Prove that $f_n(x)=\sin{\sqrt{x+4n^2\pi ^2}}\,,\;x\geq 0$
is equicontinous on $[0,+\infty)$.
converges pointwise to $0$ on $[0,+\infty)$.
MY TRIAL
- \begin{align}\sqrt{x+4n^2\pi ^2}&=\sqrt{x+4n^2\pi ^2}\left[\dfrac{\sqrt{x+4n^2\pi ^2}+2n\pi}{\sqrt{x+4n^2\pi ^2}+2n\pi}\right]\\&=\left[\dfrac{x+4n^2\pi ^2+2n\pi\sqrt{x+4n^2\pi ^2}}{\sqrt{x+4n^2\pi ^2}+2n\pi}\right]\\&=\left[\dfrac{4n^2\pi ^2+2n\pi\sqrt{x+4n^2\pi ^2}+x}{\sqrt{x+4n^2\pi ^2}+2n\pi}\right]\\&=2n\pi+\dfrac{x}{\sqrt{x+4n^2\pi ^2}+2n\pi}\end{align} As $n\to \infty,$ \begin{align}\dfrac{x}{\sqrt{x+4n^2\pi ^2}+2n\pi}\to 0\end{align} Hence, $f_n(x)=\sin{\sqrt{x+4n^2\pi ^2}}\to 0$ as $n\to 0$
1.)
Let $x,y\in [0,+\infty)$ such that $|x-y|<\delta$. We show that \begin{align}\left|f_n(x)-f_n(y)\right|<\epsilon\end{align} Now, \begin{align}\left|f_n(x)-f_n(y)\right|=\left|\sin{\sqrt{x+4n^2\pi ^2}}-\sin{\sqrt{y+4n^2\pi ^2}}\right|\end{align} I'm stuck here!
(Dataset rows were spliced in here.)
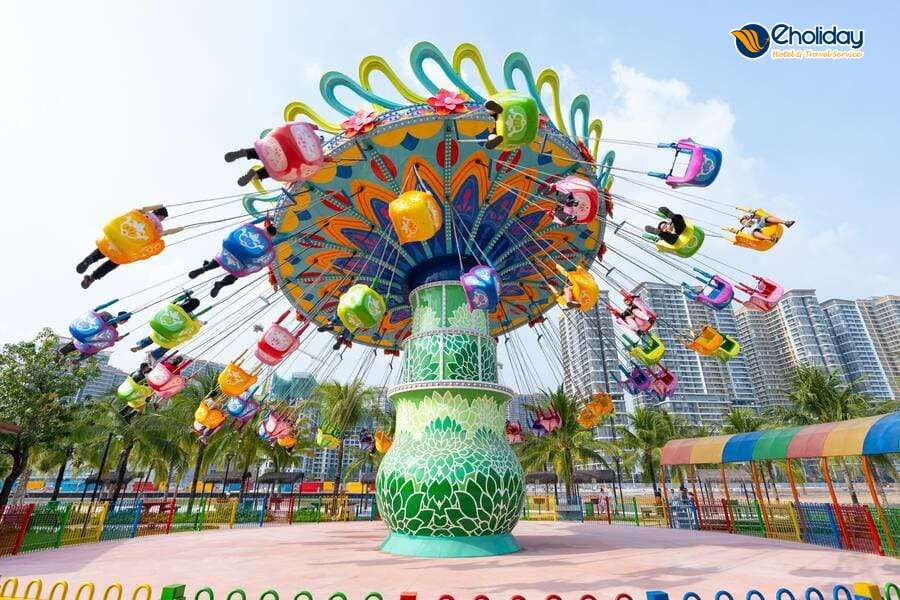 Vé VinWonders Grand Park Quận 9, Tp. Hồ Chí Minh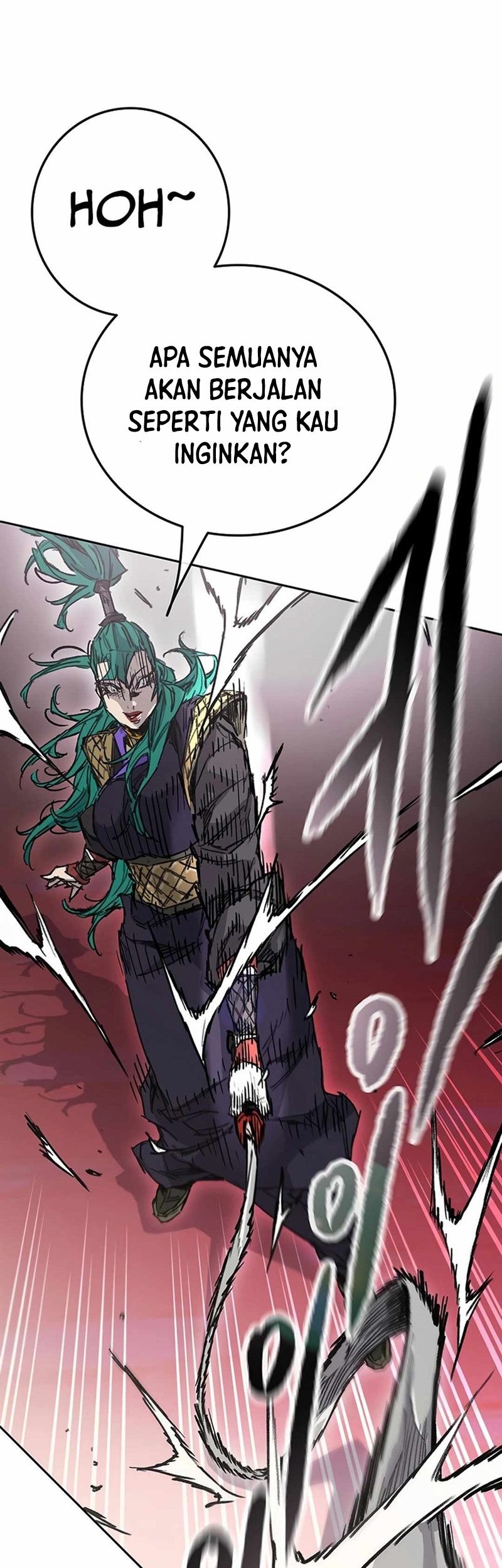 The Undefeatable Swordsman Chapter 235 Gambar 36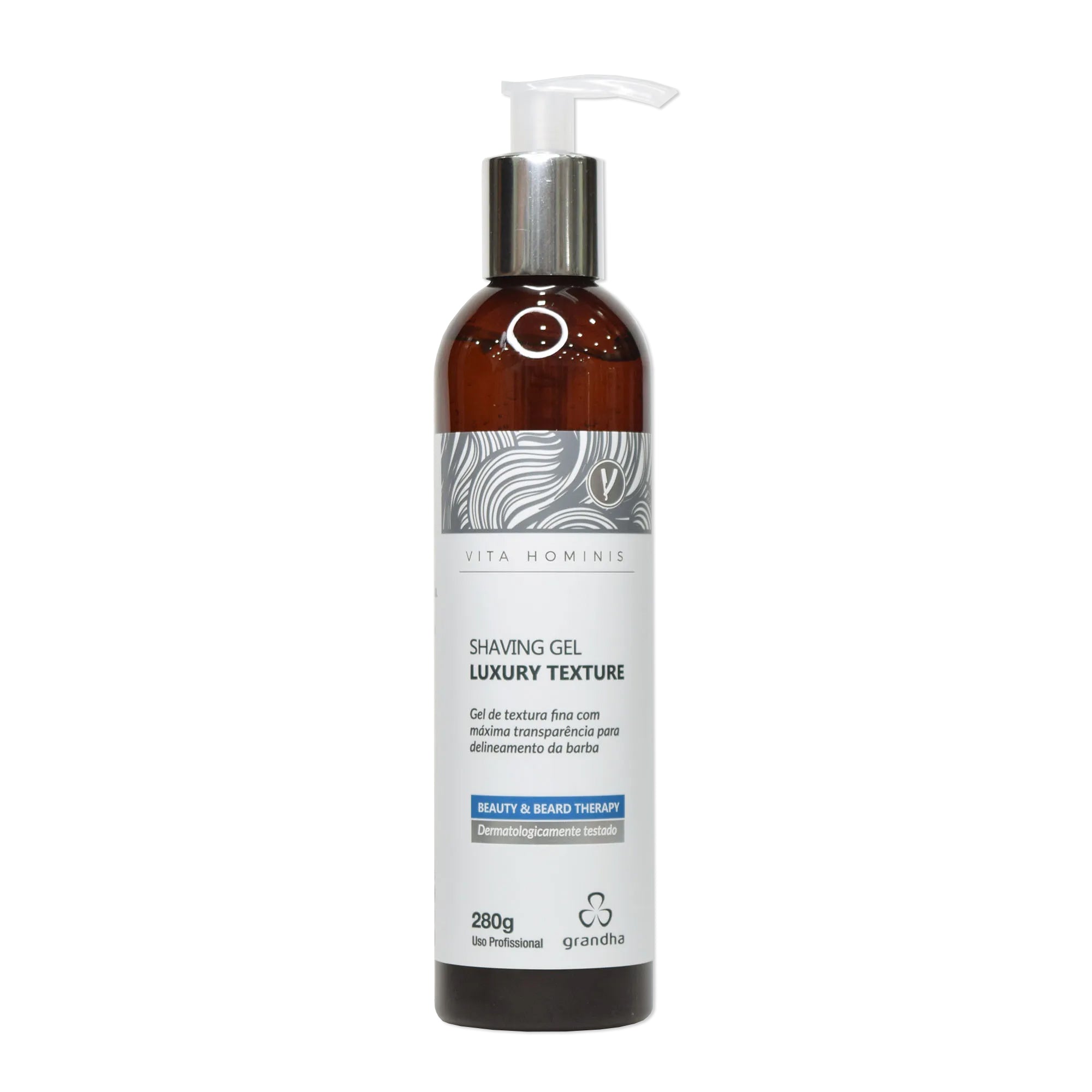Vita Hominis Shaving Gel Luxury Texture Gel de Barbear 280g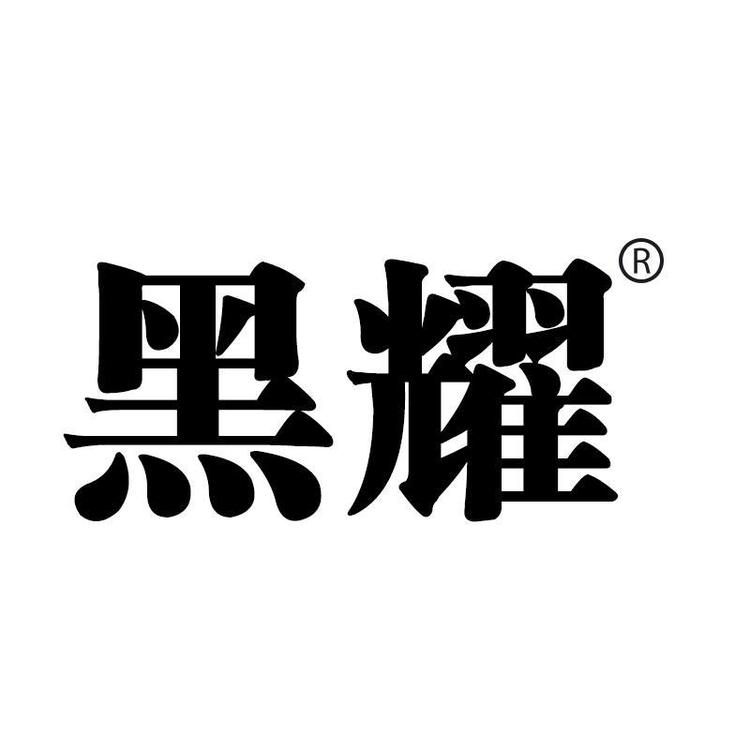 黑耀品牌Logo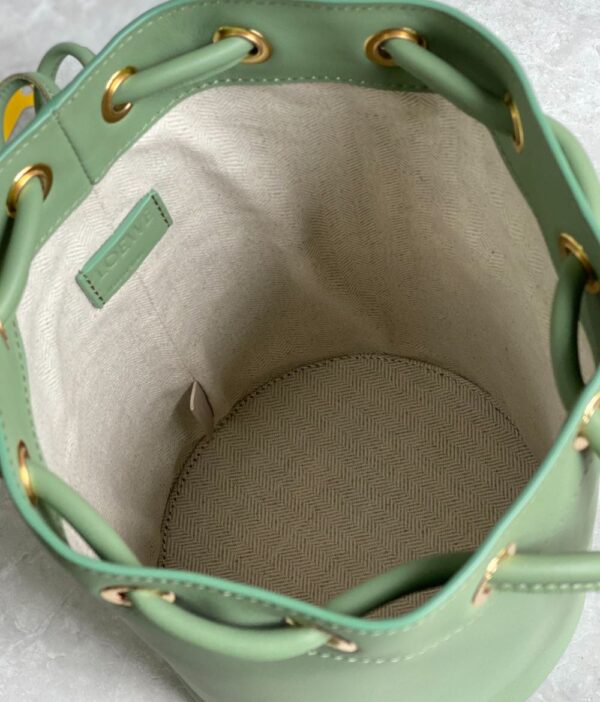 Loewe Bag Sailor 17*17*26 Green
Please, how should I go?
By mean value theorem: $$\left|f_n(x)-f_n(y)\right|=\left|\sin{\sqrt{x+4n^2\pi ^2}}-\sin{\sqrt{y+4n^2\pi ^2}}\right|= |f_n'(\xi_n)||x-y|\leq|x-y|.$$